Enquanto vejo certas mulheres procurando uma promoção de beleza nos jornais, vejo outra sendo notícia, estatística de morte. E procuro no meio de tanta informação, alguma ideia que favoreça ou alcance algum objetivo concreto e não abstrato. Ouço nas conversas paralelas que é obrigação do homem não marginalizar o que já conquistamos até agora, mas não ouço alguém afirmar que a educação já é capaz de mudar questões culturais, como por exemplo, não passar adiante da sua geração, o machismo.
Ás vezes penso que não há problema versus solução. O que há, é um número estarrecedor de gente oprimida, por fatores depressivos, o que existe é um senso comum desmedido, no lugar de conhecimento, esclarecimentos. Somos capazes de enxergar o outro na sua vida paralela e infernal, mas não tão capazes ou solícitos de interferir ativamente. Aquelas mulheres que justificam o dia 8 de março, e que morreram de forma desumana, não estão estampadas em outdoors de beleza, nas floriculturas, nos cartões e presentes, elas estão invisíveis, como aquelas que não passam de letras e imagens nos jornais...

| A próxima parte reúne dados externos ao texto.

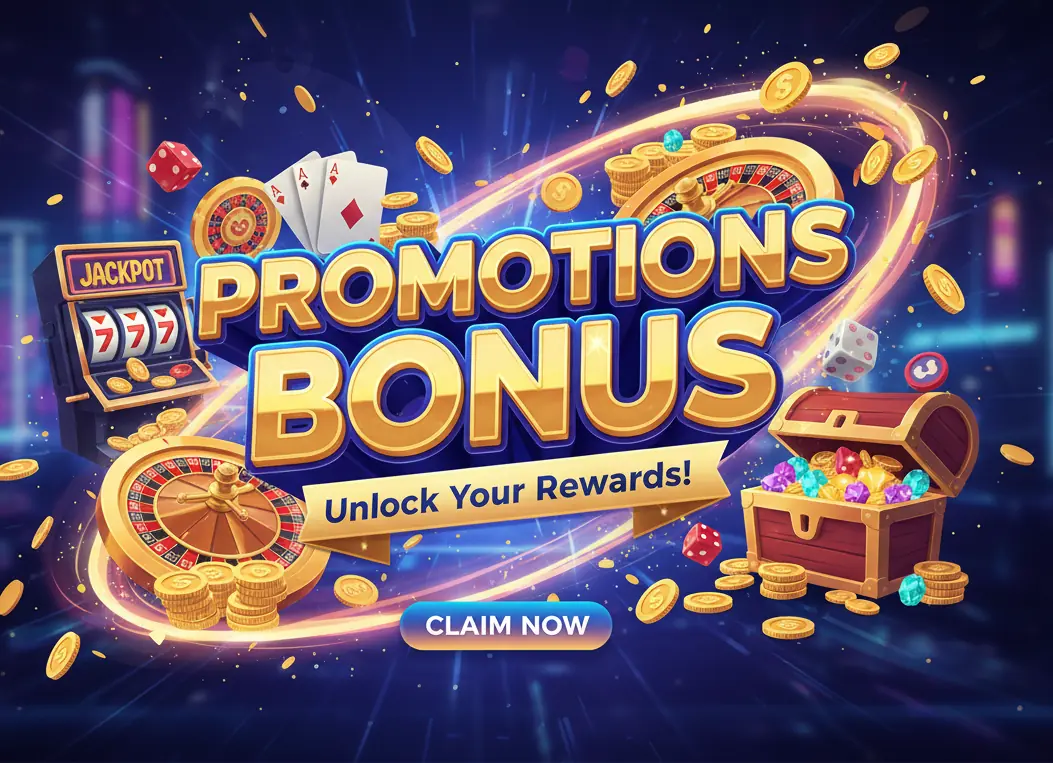 Kampagner hos Golden star casino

Por ironia desta vida, completo 70 anos no mesmo dia destinado a todas as mulheres. E creio que não vou comemorar o próximo, não irei ouvir em algum noticiário que foi homologada a lei que dá o direito da mulher exercer seu cargo e função com o mesmo salário que seu pai ou marido. Não vou sequer conseguir ficar feliz, por ler que as estatísticas de violência contra a mulher estará abaixo de qualquer imaginário, ou que toda mulher tem seus direitos garantidos sem ressalvas. Não vou ouvir conversas paralelas de pais ensinando suas filhas que seu valor é incondicional, e que ela pode ser o que de fato quiser, sem se preocupar com resquícios do machismo. Provavelmente, não vou poder achar interessante, uma mulher que fez jus a função deste dia, estando ela em alguma atividade que beneficie a sua semelhante, ou que divulgue a necessidade real destas mulheres...
Por tudo isso, não quero desejar boas coisas, mas bons tratos. A minha mensagem é de reflexão, de reconciliação de cada consciência feminina, masculina e humana com esta data... Espero em algum lugar deste mundo livre, que toda mulher conheça o ativismo, pratique a felicidade independente do custo e que aceite apenas a sua superação e não a oferta de submissão moral. Espero de todo coração que sejamos absolutas e de toda razão, que nossos medos se esqueçam do passado. "
De mulher para mulher,
Gita
Essa carta é uma projeção do que vejo para o futuro. Pretendo envelhecer acreditando que estamos no caminho certo, de ponderar nossas necessidades e chegar a um objetivo sustentável. Essa é a carta que deixo para minha próxima geração, seja ela de mulheres ou homens... O importante é que respeitem a relação humana sob qualquer aspecto. E consequentemente, tomem ciência destas prioridades e que façam alguma coisa por isso.